EXCERPTED DATA ->
=== Begin Enclosure ===
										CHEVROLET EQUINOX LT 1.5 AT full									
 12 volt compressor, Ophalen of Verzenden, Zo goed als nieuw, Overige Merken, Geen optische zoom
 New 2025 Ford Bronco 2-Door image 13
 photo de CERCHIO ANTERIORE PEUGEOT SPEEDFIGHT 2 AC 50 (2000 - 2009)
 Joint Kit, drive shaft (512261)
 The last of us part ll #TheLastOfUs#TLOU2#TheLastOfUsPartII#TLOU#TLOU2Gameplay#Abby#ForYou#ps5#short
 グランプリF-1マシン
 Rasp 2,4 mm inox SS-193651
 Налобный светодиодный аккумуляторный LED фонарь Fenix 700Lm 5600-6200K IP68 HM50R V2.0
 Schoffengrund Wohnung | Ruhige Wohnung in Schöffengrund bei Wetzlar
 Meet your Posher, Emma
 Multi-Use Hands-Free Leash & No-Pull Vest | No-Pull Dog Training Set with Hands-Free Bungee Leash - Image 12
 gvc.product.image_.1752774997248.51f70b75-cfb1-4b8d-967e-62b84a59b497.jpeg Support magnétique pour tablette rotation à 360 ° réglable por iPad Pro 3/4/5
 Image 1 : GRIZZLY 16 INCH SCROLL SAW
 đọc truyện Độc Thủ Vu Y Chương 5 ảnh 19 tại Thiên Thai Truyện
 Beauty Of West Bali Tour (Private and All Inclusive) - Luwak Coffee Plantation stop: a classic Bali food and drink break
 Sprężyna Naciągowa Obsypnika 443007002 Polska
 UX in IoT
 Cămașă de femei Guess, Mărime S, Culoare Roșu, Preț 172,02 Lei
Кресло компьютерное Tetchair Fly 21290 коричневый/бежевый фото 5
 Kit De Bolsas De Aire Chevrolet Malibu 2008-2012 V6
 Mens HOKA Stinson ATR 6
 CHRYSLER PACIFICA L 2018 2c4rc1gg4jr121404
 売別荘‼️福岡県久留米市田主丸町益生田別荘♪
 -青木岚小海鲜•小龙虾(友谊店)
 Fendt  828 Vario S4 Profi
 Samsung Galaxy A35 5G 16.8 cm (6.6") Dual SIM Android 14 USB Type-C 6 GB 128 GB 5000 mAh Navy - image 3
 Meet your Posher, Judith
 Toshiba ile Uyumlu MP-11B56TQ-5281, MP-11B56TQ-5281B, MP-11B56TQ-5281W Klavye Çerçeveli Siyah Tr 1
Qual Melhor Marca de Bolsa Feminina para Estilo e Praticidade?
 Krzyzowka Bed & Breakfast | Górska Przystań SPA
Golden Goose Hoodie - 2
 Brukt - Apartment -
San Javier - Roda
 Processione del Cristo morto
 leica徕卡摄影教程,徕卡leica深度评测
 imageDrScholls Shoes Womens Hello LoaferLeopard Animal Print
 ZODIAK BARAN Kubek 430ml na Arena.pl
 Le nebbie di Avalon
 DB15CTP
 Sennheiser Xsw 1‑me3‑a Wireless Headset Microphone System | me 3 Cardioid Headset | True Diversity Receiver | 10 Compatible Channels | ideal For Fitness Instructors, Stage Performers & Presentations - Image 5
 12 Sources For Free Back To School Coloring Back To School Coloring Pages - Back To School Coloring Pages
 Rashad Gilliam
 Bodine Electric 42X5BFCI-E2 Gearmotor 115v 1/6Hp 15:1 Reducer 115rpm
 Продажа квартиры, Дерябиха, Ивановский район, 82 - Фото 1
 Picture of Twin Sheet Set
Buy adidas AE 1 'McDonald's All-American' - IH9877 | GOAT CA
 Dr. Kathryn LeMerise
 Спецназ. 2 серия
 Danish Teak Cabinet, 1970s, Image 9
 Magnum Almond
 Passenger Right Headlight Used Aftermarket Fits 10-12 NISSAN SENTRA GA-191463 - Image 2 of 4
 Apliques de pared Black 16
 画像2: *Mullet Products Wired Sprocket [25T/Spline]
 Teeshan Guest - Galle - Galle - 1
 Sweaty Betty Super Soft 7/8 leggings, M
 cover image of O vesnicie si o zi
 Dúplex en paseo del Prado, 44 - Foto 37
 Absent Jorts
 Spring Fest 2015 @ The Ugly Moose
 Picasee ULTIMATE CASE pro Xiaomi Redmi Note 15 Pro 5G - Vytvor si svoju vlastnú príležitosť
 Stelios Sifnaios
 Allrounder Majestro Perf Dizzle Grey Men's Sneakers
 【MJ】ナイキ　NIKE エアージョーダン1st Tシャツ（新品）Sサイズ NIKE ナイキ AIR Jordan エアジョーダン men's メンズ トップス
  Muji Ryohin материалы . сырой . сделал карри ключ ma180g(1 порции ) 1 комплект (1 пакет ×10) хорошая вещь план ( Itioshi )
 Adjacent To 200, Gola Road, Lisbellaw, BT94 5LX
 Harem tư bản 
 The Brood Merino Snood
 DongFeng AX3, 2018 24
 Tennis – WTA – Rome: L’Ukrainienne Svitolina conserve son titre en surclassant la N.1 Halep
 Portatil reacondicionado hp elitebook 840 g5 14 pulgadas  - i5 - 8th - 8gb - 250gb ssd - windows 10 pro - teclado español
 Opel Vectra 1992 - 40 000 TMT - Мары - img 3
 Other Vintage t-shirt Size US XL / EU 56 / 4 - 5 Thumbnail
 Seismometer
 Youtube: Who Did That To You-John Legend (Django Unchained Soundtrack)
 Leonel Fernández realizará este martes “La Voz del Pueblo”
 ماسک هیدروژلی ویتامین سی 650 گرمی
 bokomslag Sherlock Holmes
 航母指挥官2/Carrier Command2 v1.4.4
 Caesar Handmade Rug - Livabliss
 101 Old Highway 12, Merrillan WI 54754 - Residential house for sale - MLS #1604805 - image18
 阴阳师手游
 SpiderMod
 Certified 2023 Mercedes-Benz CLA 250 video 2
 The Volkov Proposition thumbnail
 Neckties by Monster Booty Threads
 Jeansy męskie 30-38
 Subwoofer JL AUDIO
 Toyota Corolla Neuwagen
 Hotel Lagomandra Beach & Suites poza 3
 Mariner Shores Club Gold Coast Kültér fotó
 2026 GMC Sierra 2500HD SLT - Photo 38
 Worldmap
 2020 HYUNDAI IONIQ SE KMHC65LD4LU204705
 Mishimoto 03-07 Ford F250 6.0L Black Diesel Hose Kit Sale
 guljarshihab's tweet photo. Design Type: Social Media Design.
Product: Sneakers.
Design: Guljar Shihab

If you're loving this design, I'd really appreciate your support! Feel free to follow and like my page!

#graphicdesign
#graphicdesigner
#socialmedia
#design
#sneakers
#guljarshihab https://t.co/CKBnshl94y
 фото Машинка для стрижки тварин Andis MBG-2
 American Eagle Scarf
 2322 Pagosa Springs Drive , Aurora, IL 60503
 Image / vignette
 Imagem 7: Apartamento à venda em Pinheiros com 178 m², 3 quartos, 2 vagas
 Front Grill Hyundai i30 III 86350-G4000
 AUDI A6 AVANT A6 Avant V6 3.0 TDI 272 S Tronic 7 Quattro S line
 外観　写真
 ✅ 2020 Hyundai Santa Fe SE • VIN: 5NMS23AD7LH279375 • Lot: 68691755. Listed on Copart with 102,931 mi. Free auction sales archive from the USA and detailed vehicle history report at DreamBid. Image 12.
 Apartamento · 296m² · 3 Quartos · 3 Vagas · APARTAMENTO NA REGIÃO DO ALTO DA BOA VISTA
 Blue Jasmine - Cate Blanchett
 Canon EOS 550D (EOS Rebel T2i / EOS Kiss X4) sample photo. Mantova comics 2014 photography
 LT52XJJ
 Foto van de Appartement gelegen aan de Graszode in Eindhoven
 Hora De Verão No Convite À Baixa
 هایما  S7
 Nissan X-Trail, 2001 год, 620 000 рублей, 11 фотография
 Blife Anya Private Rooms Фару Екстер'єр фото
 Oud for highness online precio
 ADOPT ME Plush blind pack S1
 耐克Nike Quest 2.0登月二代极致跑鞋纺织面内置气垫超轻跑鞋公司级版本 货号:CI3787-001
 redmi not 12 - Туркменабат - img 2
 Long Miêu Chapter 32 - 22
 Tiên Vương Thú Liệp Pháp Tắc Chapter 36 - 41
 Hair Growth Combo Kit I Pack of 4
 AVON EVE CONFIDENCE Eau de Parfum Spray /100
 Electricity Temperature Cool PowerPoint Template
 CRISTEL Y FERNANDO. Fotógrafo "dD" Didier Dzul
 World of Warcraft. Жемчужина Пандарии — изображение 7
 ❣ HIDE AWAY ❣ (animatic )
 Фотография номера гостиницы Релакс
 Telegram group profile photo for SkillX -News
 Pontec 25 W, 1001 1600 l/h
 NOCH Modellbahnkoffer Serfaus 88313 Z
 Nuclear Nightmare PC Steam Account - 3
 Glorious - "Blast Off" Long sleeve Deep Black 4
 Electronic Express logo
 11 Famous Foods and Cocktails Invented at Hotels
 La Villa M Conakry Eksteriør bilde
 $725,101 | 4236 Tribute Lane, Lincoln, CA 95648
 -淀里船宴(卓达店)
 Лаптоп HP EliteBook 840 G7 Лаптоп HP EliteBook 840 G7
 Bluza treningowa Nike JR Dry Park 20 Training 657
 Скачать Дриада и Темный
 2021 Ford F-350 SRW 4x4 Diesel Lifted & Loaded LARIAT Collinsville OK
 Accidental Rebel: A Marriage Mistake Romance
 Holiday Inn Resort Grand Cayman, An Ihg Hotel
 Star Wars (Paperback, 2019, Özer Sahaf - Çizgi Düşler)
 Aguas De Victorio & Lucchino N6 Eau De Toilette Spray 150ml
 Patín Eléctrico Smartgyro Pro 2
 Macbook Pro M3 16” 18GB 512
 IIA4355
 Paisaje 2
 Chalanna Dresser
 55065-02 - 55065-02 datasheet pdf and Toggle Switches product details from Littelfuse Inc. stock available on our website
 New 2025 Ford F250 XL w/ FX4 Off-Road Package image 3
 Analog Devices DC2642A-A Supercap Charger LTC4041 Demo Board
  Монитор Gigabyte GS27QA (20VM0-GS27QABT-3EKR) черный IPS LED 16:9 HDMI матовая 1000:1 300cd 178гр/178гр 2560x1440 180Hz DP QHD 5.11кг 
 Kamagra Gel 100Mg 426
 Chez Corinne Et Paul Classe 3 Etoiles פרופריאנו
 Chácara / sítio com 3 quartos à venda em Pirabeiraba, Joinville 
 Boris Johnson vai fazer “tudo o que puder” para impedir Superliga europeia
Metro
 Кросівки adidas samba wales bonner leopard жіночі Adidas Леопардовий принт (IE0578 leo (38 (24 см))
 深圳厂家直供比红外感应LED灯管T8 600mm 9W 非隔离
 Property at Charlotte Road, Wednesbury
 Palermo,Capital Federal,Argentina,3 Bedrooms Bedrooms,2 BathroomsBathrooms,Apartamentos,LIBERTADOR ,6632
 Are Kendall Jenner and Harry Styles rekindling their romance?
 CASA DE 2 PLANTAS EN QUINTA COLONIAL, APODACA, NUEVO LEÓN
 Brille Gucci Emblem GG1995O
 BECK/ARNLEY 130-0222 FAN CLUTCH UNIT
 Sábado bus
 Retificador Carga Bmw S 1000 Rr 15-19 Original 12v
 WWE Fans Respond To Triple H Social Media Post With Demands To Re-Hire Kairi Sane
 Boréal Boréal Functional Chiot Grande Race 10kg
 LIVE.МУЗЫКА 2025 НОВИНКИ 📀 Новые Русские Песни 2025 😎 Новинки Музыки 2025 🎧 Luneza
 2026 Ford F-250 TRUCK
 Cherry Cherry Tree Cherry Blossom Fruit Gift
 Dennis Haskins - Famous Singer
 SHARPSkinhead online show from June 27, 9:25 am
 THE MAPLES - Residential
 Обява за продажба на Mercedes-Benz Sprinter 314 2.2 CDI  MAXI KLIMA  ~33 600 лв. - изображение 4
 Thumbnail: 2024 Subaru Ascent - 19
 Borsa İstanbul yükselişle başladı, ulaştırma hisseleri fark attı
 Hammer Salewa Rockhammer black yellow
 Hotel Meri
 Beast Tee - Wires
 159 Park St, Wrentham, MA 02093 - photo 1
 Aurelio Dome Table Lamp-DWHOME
=== End Enclosure ===
PROBLEM TO SOLVE ->
What you return should be only the lines from the line containing "Dennis Haskins - Famous Singer" through the end of the material above, reproduced exactly, first and last included.

RESPONSE AREA ->
 Dennis Haskins - Famous Singer
 SHARPSkinhead online show from June 27, 9:25 am
 THE MAPLES - Residential
 Обява за продажба на Mercedes-Benz Sprinter 314 2.2 CDI  MAXI KLIMA  ~33 600 лв. - изображение 4
 Thumbnail: 2024 Subaru Ascent - 19
 Borsa İstanbul yükselişle başladı, ulaştırma hisseleri fark attı
 Hammer Salewa Rockhammer black yellow
 Hotel Meri
 Beast Tee - Wires
 159 Park St, Wrentham, MA 02093 - photo 1
 Aurelio Dome Table Lamp-DWHOME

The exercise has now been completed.